D: Maybe I could ask you a couple of questions about the doors specifically?

L: Sure.

D: Do you tend to notice your colleagues' doors?

L: I notice that they are covered with things, but I don't read them.

D: Have you ever? Early on in your career did you take an interest in the postings and decorations?

L: I'm thinking back to when I first had my first office. At USC, it was like seven floors up or something, and it was one of those things where you go down these long corridors and it's absolutely blank space no decorations, nothing. You turn into corridors that go off the space and there will be little offices, internal with no windows. I was in one of those. And there was never anything, anywhere, that I can remember, ever put on any of those walls. Maybe there was and I just didn't notice it. Not even names, I don't remember.
Other than that, here, I noticed it particularly, and this is kind of sensitive, but when Alex was killed, and there were at that time and there still are a lot of very in your face kinds of propaganda statements, ideological positions being laid out on these doors. And there were some really ugly cartoons that people put up showing soldiers looking like guerillas and stuff like that. That, I noticed. Then I tried not to notice, so that's probably one of the reasons I don't look at them that closely.
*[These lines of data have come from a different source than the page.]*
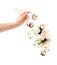 Falling pieces of sushi and sushi roll with wooden chopsticks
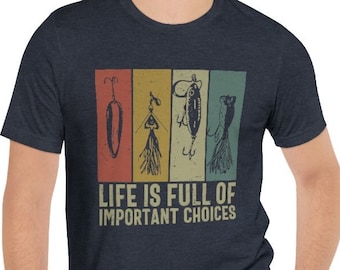 May include: A dark blue t-shirt with a vintage-style graphic of fishing lures and the text "Life is full of important choices".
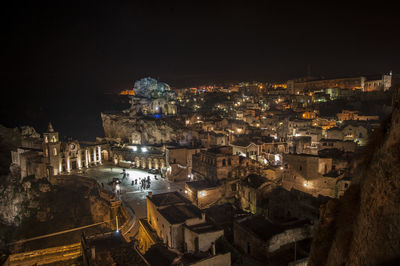 High angle view of illuminated buildings in town at night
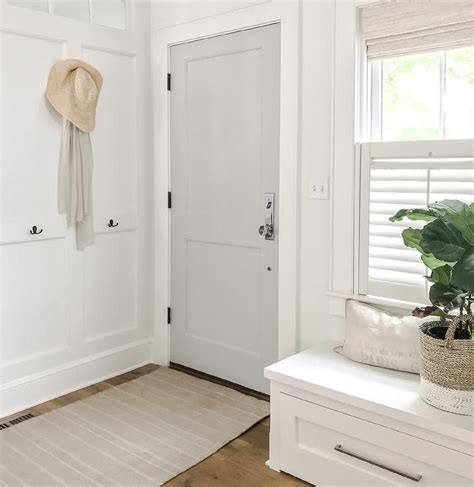 Light Gray Door With White Wood Wall Trim Cottage Entrancefoyer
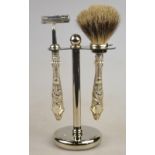 A modern 'badger' shaving brush and razor with antique silver handles, on chrome stand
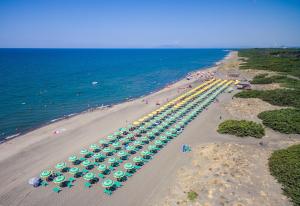 an overhead view of a beach with umbrellas and the ocean at Gitavillage California in Montalto di Castro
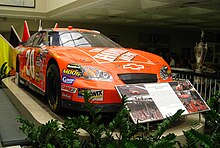 An orange race car with sponsors logos in a museum setting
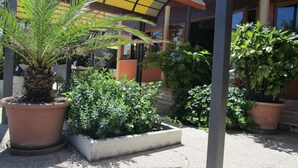 A courtyard with potted plants, a concrete planter, and a building with a yellow awning. - Albergo Hotel Primavera (Senigallia)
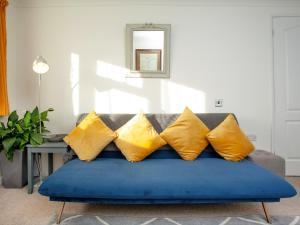 金斯布里奇Waterside Park Annexe的客厅里配有带黄色枕头的蓝色沙发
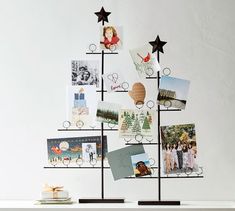 a christmas tree made out of photos on a white wall with black stars and frames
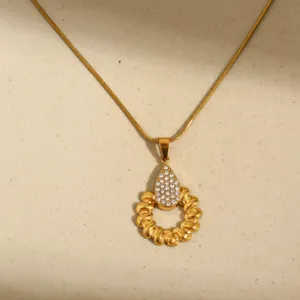 Collar de acero inoxidable dorado con lágrima de cristal y colgante de anillo retorcido.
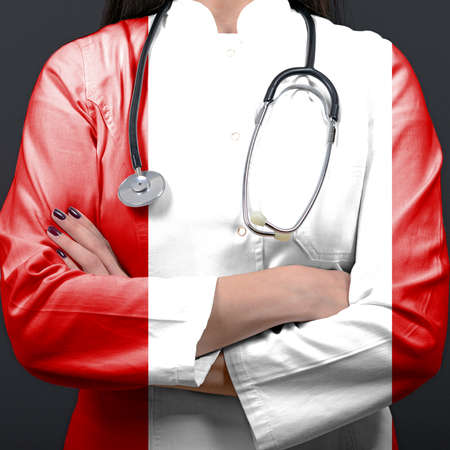 Doctor representing healthcare system with National flag of Peruの写真素材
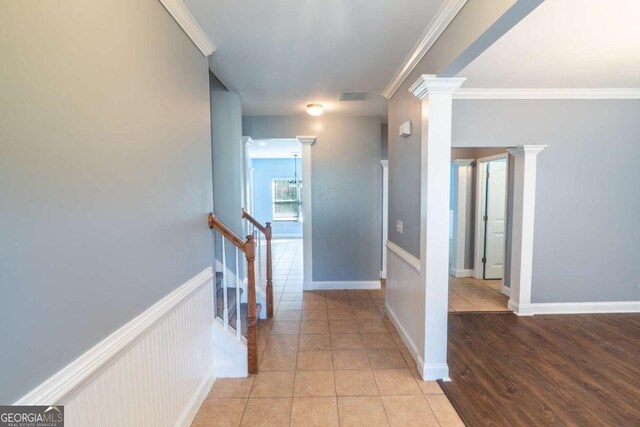 170 Shoal Park Dr, Mcdonough, GA 30252 - hall with wainscoting, light tile patterned floors, ornamental molding, and an upstairs landing
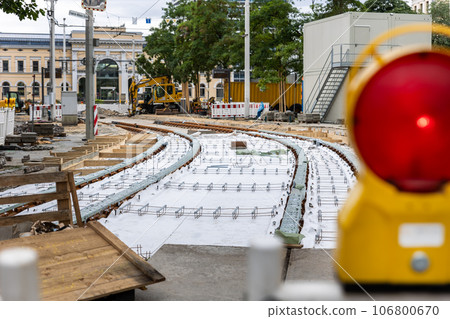 New tram rails laying on european city street. Installation modern railway tramway rails for trams. Reconstruction repairing renewal road. City infrastructure development construction site 106800670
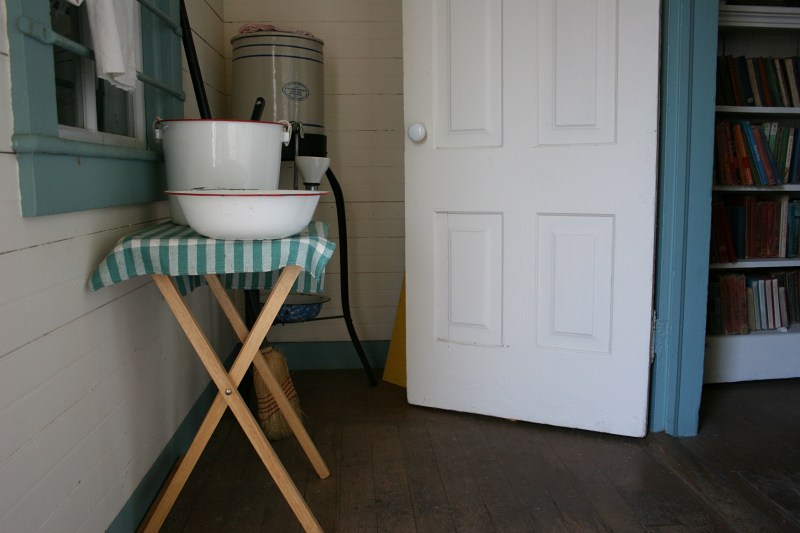 Wash basin and water cooler inside the schoolhouse entry.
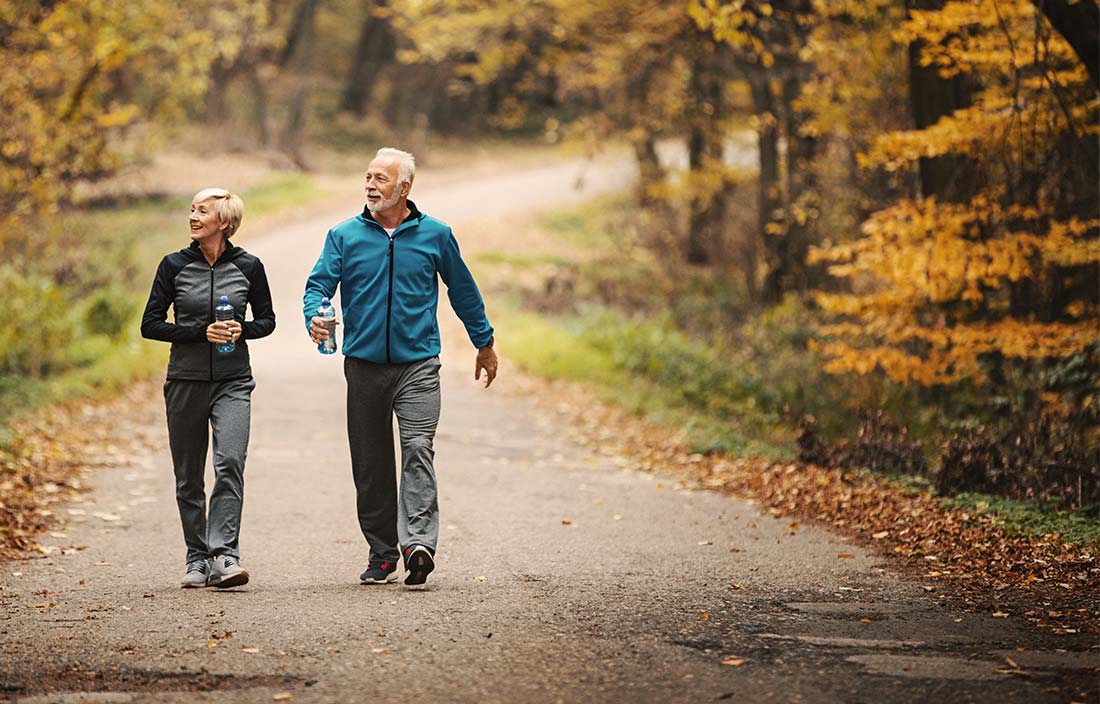 Two active senior adults walking next to a forest in fall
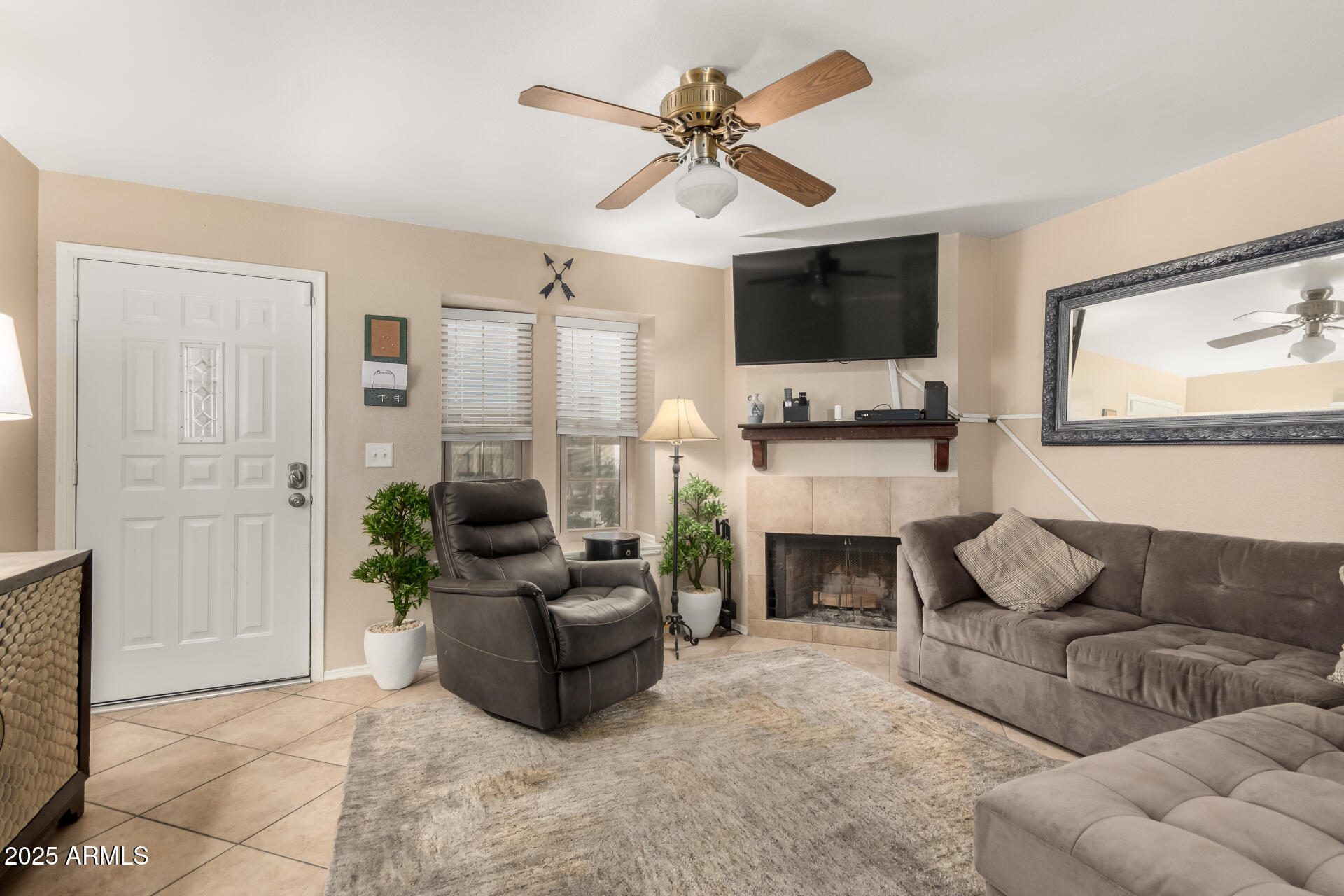 7977 West Wacker Road, Unit 171 Peoria, AZ 85381 - Photo 3 of 26 Neutral flooring and Fireplace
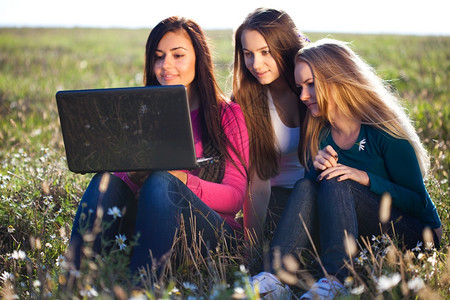 三位美丽的年轻女士手持笔记本电脑坐在天空背景的田地上图片
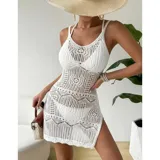 Vestido corto de playa color blanco, confeccionado en tejido calado con diseño geométrico y floral. Es de corte recto al cuerpo, sin mangas, con escote redondo y un tajo lateral.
D: Has the program always used the door spaces to post upcoming classes?

L: I don't remember anyone ever putting something on my door before. They probably did, but I just didn't notice it. I think they have more to advertise now because of the minor and they have more courses. In the earlier years we just had the same courses all of the time so there was nothing to advertise and when we did, we just put it up on the bulletin board. Now there's a much bigger publicity effort with the minor brochures to hand out. So I can understand that idea.